Extracted records
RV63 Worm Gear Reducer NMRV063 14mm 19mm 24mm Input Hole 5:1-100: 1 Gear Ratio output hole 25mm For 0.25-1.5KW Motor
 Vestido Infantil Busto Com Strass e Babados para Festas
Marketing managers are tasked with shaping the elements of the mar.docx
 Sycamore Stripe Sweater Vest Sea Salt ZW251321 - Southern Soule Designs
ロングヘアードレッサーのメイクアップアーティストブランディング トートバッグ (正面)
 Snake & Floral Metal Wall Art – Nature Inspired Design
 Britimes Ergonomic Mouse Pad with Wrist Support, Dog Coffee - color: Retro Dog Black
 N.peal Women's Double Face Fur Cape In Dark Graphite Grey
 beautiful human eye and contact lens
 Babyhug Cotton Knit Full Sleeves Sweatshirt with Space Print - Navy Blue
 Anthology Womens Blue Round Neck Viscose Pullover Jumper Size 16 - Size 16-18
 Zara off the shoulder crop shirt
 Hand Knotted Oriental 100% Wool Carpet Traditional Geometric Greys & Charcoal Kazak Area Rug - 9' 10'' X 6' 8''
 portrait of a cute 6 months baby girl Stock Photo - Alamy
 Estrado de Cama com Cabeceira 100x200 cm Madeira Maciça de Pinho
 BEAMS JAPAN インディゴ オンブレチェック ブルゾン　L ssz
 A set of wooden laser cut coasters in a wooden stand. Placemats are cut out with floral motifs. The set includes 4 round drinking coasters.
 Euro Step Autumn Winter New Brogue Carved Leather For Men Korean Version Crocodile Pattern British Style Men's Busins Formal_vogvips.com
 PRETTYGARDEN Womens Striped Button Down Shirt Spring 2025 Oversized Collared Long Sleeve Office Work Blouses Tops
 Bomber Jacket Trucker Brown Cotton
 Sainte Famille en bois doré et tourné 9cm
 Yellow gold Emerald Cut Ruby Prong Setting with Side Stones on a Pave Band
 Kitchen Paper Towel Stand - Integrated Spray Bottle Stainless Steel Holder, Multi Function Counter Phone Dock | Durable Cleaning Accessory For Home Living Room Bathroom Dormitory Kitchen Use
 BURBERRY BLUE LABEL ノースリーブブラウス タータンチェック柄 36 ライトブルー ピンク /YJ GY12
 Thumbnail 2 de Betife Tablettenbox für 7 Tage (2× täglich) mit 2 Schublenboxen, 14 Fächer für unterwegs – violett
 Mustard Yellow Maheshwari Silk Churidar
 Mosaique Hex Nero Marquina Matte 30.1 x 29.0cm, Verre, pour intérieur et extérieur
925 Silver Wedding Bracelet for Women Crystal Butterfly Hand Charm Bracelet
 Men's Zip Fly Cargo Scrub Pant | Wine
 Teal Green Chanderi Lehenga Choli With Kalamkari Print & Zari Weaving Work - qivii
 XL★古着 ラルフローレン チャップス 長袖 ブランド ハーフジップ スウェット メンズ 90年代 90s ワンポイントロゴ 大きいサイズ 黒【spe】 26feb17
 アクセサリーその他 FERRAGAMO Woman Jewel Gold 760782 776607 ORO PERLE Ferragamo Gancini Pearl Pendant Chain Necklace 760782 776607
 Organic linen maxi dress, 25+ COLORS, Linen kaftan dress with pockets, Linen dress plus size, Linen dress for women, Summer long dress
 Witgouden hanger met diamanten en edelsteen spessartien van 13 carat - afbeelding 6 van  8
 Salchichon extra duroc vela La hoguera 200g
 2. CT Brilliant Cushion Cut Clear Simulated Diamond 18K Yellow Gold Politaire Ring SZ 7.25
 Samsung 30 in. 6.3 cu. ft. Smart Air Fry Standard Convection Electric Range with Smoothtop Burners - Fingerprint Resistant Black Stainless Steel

▶ **Exercise instructions**
Give back, word for word, only the lines above from the line holding "Vestido Infantil Busto" to the line holding "Mustard Yellow Maheshwari Silk Churidar", both included.

▶ **Solution below**
 Vestido Infantil Busto Com Strass e Babados para Festas
Marketing managers are tasked with shaping the elements of the mar.docx
 Sycamore Stripe Sweater Vest Sea Salt ZW251321 - Southern Soule Designs
ロングヘアードレッサーのメイクアップアーティストブランディング トートバッグ (正面)
 Snake & Floral Metal Wall Art – Nature Inspired Design
 Britimes Ergonomic Mouse Pad with Wrist Support, Dog Coffee - color: Retro Dog Black
 N.peal Women's Double Face Fur Cape In Dark Graphite Grey
 beautiful human eye and contact lens
 Babyhug Cotton Knit Full Sleeves Sweatshirt with Space Print - Navy Blue
 Anthology Womens Blue Round Neck Viscose Pullover Jumper Size 16 - Size 16-18
 Zara off the shoulder crop shirt
 Hand Knotted Oriental 100% Wool Carpet Traditional Geometric Greys & Charcoal Kazak Area Rug - 9' 10'' X 6' 8''
 portrait of a cute 6 months baby girl Stock Photo - Alamy
 Estrado de Cama com Cabeceira 100x200 cm Madeira Maciça de Pinho
 BEAMS JAPAN インディゴ オンブレチェック ブルゾン　L ssz
 A set of wooden laser cut coasters in a wooden stand. Placemats are cut out with floral motifs. The set includes 4 round drinking coasters.
 Euro Step Autumn Winter New Brogue Carved Leather For Men Korean Version Crocodile Pattern British Style Men's Busins Formal_vogvips.com
 PRETTYGARDEN Womens Striped Button Down Shirt Spring 2025 Oversized Collared Long Sleeve Office Work Blouses Tops
 Bomber Jacket Trucker Brown Cotton
 Sainte Famille en bois doré et tourné 9cm
 Yellow gold Emerald Cut Ruby Prong Setting with Side Stones on a Pave Band
 Kitchen Paper Towel Stand - Integrated Spray Bottle Stainless Steel Holder, Multi Function Counter Phone Dock | Durable Cleaning Accessory For Home Living Room Bathroom Dormitory Kitchen Use
 BURBERRY BLUE LABEL ノースリーブブラウス タータンチェック柄 36 ライトブルー ピンク /YJ GY12
 Thumbnail 2 de Betife Tablettenbox für 7 Tage (2× täglich) mit 2 Schublenboxen, 14 Fächer für unterwegs – violett
 Mustard Yellow Maheshwari Silk Churidar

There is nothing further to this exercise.